Exercise aim — Please give the listing again in full, leaving out its images.

Recorded data —
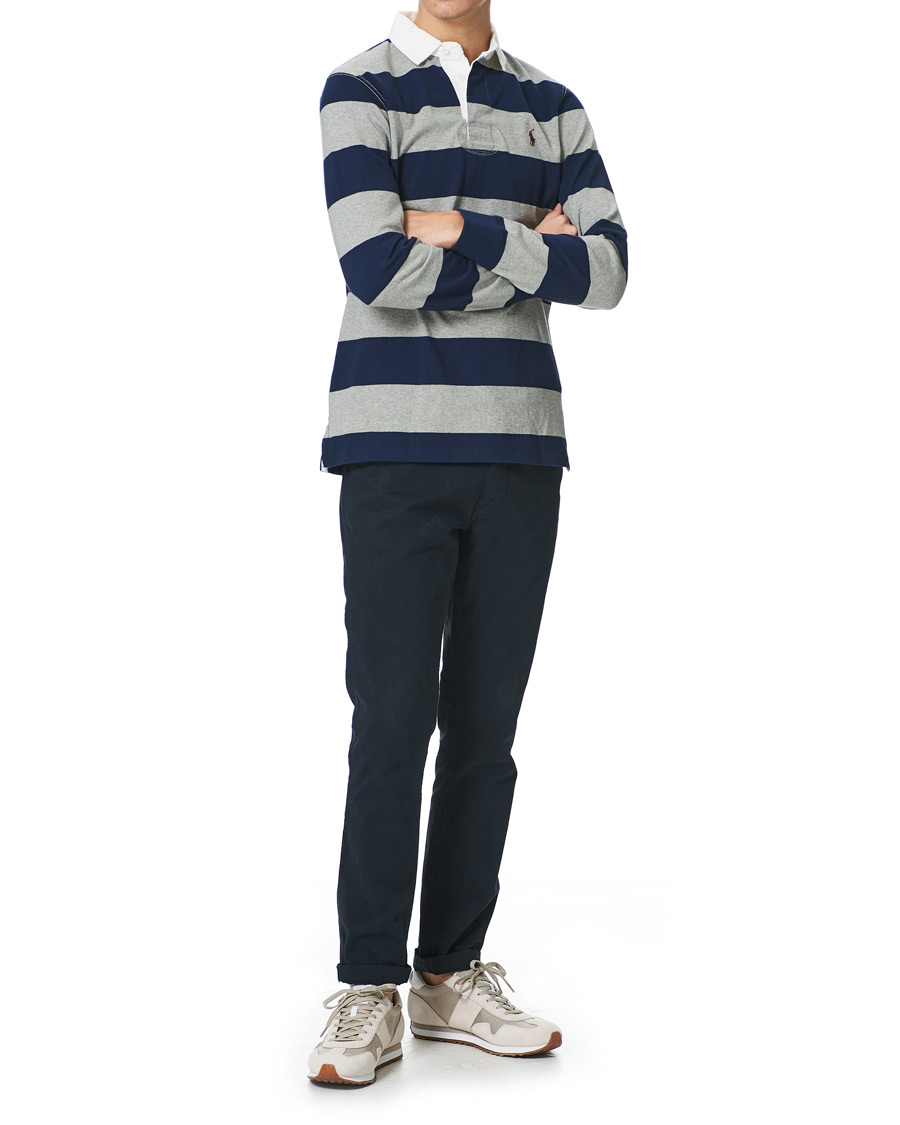 Herr | Tröjor | Polo Ralph Lauren | Striped Rugger Light Grey/Navy
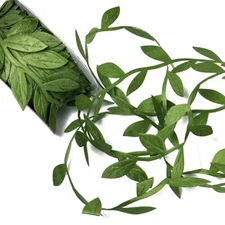 20 Yards Large Artificial Vine Leaf Ribbon Trim, EJ-2030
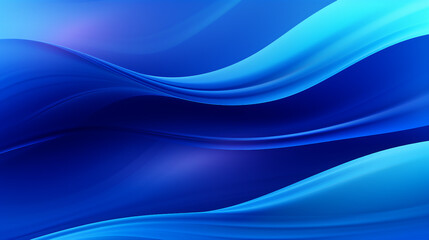 Poster - Dynamic Blue Waves Abstract Motion Background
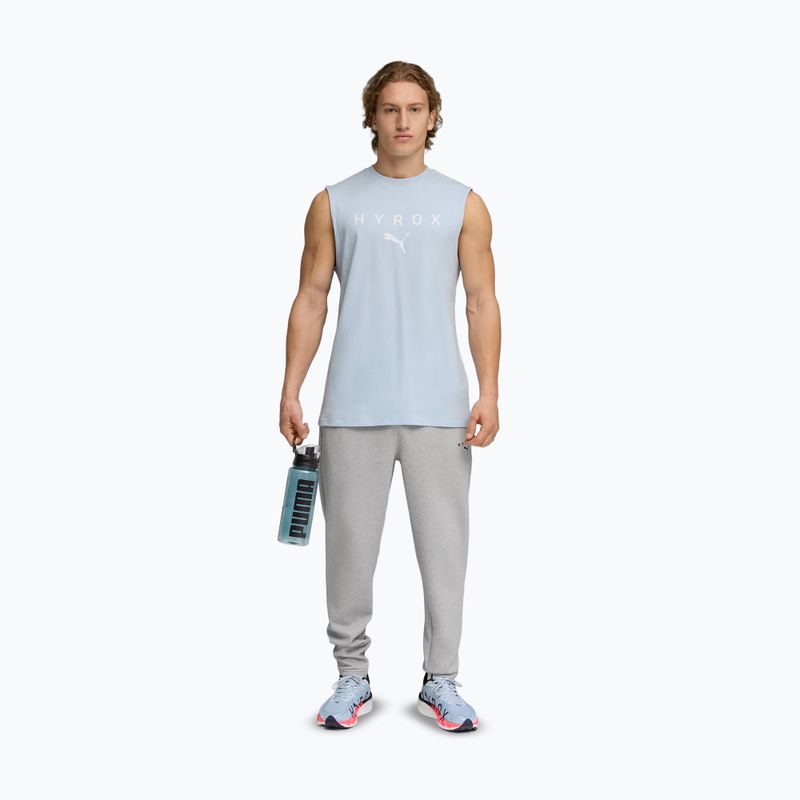 Чоловіча тренувальна майка PUMA x HYROX Cutoff Tank сірого кольору 2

Solution to the problem —
 Herr | Tröjor | Polo Ralph Lauren | Striped Rugger Light Grey/Navy
 20 Yards Large Artificial Vine Leaf Ribbon Trim, EJ-2030
 Poster - Dynamic Blue Waves Abstract Motion Background
 Чоловіча тренувальна майка PUMA x HYROX Cutoff Tank сірого кольору 2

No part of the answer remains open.